# Try it
Keep only those lines of the records that include the string "Toyota".

# Provided records
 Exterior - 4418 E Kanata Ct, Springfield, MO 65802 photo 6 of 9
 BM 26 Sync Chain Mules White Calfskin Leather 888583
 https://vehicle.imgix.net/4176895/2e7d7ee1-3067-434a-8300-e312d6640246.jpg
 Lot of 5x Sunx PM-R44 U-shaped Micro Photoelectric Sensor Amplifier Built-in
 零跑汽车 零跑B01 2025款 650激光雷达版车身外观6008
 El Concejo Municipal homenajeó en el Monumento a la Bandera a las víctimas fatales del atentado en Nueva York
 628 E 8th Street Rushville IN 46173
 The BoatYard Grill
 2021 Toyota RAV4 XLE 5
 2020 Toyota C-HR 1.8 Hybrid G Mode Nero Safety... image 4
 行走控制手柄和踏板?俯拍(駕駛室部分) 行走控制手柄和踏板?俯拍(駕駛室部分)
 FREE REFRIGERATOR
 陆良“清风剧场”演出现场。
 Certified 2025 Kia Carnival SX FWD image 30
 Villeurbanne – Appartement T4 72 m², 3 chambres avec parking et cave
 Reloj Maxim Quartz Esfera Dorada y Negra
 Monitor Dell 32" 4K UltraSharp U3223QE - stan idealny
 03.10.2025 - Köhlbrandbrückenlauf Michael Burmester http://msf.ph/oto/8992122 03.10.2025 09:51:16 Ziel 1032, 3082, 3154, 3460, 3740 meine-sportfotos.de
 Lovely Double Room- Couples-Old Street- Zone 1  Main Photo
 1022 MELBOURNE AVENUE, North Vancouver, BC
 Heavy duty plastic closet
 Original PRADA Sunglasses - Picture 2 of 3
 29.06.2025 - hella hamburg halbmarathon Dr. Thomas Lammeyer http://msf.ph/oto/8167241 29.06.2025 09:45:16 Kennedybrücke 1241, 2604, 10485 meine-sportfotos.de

# Result for this task
 2021 Toyota RAV4 XLE 5
 2020 Toyota C-HR 1.8 Hybrid G Mode Nero Safety... image 4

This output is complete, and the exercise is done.